▸ Material for this task
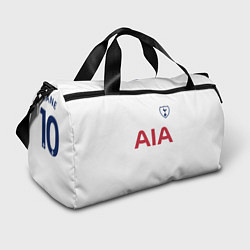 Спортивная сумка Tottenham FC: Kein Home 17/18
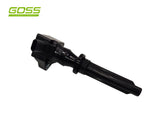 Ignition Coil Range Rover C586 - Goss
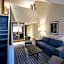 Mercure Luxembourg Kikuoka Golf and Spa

--

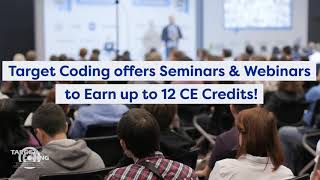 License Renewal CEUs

* * *

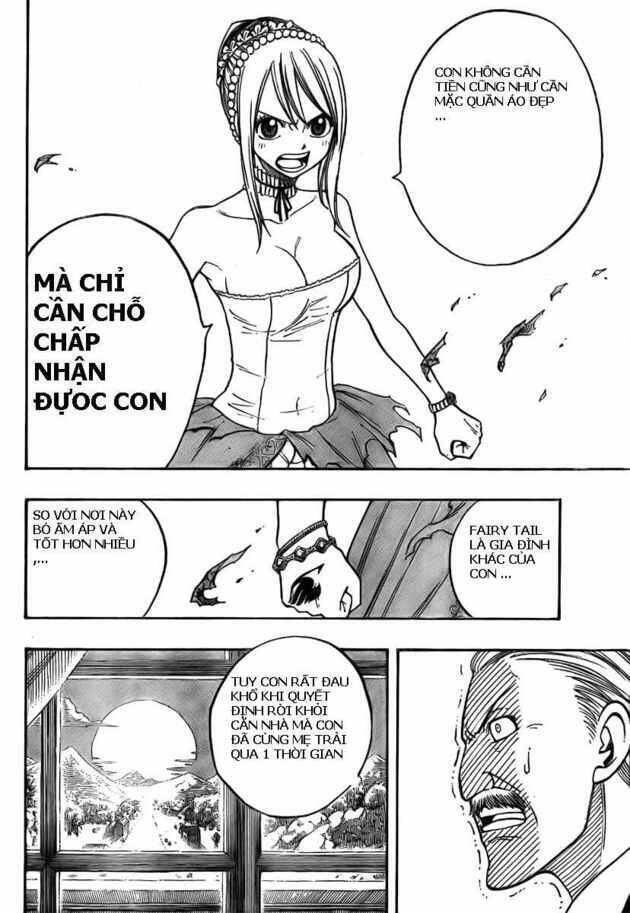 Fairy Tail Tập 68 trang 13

▸ Work task
Looking at the listing above, which lines run from the one containing "Спортивная сумка Tottenham" through the one containing "Mercure Luxembourg Kikuoka Golf and Spa"? Print exactly those, ends included, pictures excluded.

▸ Answer space
 Спортивная сумка Tottenham FC: Kein Home 17/18
 Ignition Coil Range Rover C586 - Goss
 Mercure Luxembourg Kikuoka Golf and Spa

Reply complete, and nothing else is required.